Academics in many disciplines study safety culture. This post introduces to this blog the work of an MIT anthropologist, Constance Perin, and discusses a paper* she presented at the 2005 ANS annual meeting.
We picked a couple of the paper’s key recommendations to share with you. First, Perin’s main point is to advocate the development of a “significance culture” in nuclear power plant organizations. The idea is to organize knowledge and data in a manner that allows an organization to determine significance with respect to safety issues. The objective is to increase an organization’s capabilities to recognize and evaluate questionable conditions before they can escalate risk. We generally agree with this aim. The real nub of safety culture effectiveness is how it shapes the way an organization responds to new or changing situations.
Perin understands that significance evaluation already occurs in both formal processes (e.g., NRC evaluations and PRAs) and in the more informal world of operational decisions, where trade-offs, negotiations, and satisficing behavior may be more dynamic and less likely to be completely rational. She recommends that significance evaluation be ascribed a higher importance, i.e., be more formally and widely ingrained in the overall plant culture, and used as an organizing principle for defining knowledge-creating processes.
Second, because of the importance of a plant's Corrective Action Program (CAP), Perin proposes making NRC assessment of the CAP the “eighth cornerstone” of the Reactor Oversight Process (ROP). She criticizes the NRC’s categorization of cross cutting issues for not being subjected to specific criteria and performance indicators. We have a somewhat different view. Perin’s analysis does not acknowledge that the industry places great emphasis on each of the cross cutting issues in terms of performance indicators and monitoring including self assessment.** It is also common to the other cornerstones where the plants use many more indicators to track and trend performance than the few included in the ROP. In our opinion, a real problem with the ROP is that its few indicators do not provide any reliable or forward looking picture of nuclear safety.

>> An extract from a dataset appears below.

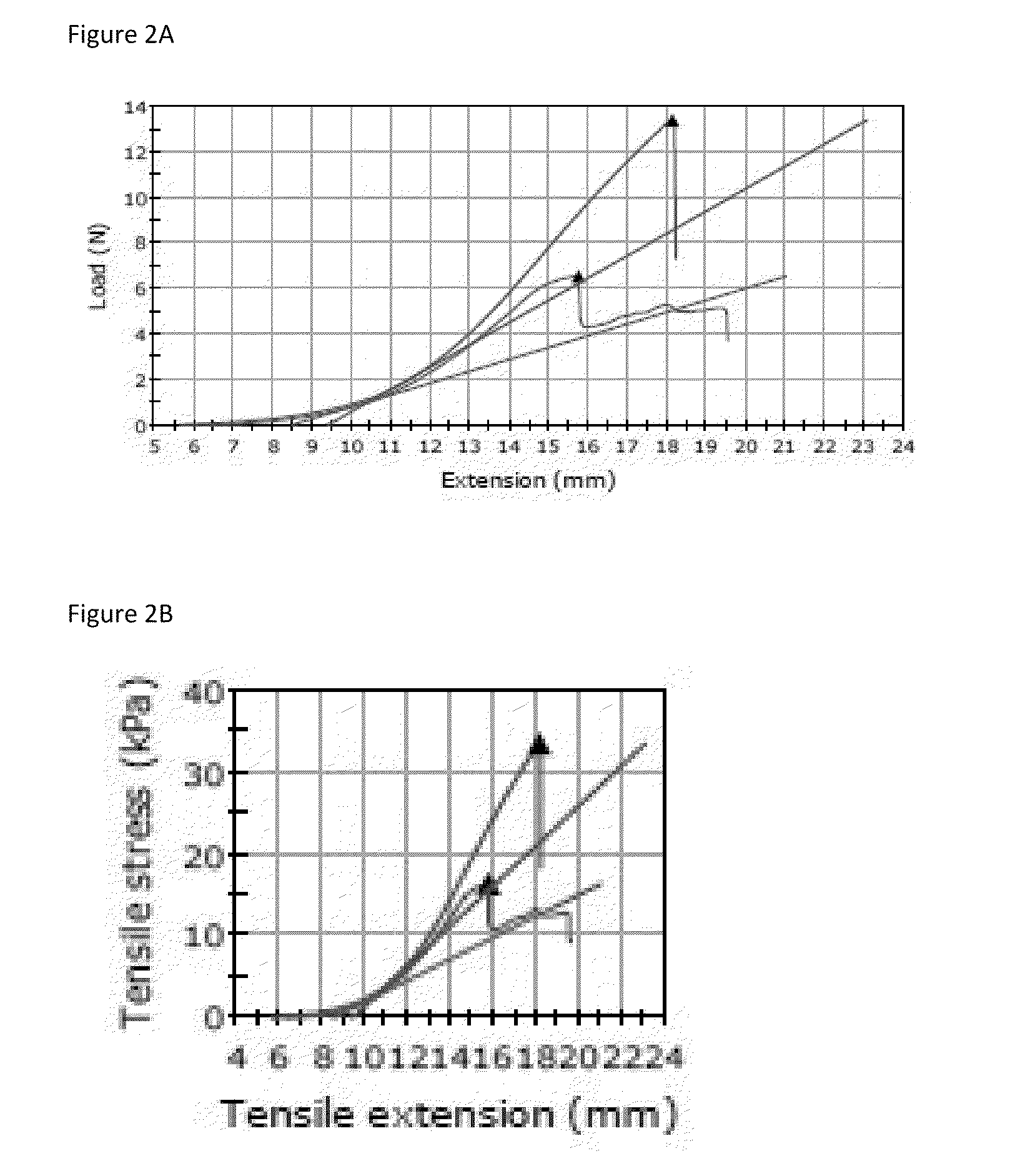 Method for enzymatic cross-linking of a protein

The fault line in the CAP itself may better be characterized in terms of the lack of measurement and assessment of how well the CAP program functions to sustain a strong safety culture. Importantly such an approach would evaluate how decisions on conditions adverse to quality properly assessed not only significance, but balanced the influence of any competing priorities. Perin also recognizes that competing priorities exist, especially in the operational world, but making the CAP a cornerstone might actually lead to increased false confidence in the CAP if its relationship with safety culture was left unexamined.
Prof. Perin has also written a book, Shouldering Risks: The Culture of Control in the Nuclear Power Industry,*** which is an ethnographic analysis of nuclear organizations and specific events they experienced. We will be reviewing this book in a future post. We hope that her detailed drill down on those events will yield some interesting insights, e.g., how different parts of an organization looked at the same situation but had differing evaluations of its risk implications.
We have to admit we didn’t detect Prof. Perin on our radar screen; she alerted us to the presence of her work. Based on our limited review to date, we think we share similar perspectives on the challenges involved in attaining and maintaining a robust safety culture.
* C. Perin, “Significance Culture in Nuclear Installations,” a paper presented at the 2005 Annual Meeting of the American Nuclear Society (June 6, 2005).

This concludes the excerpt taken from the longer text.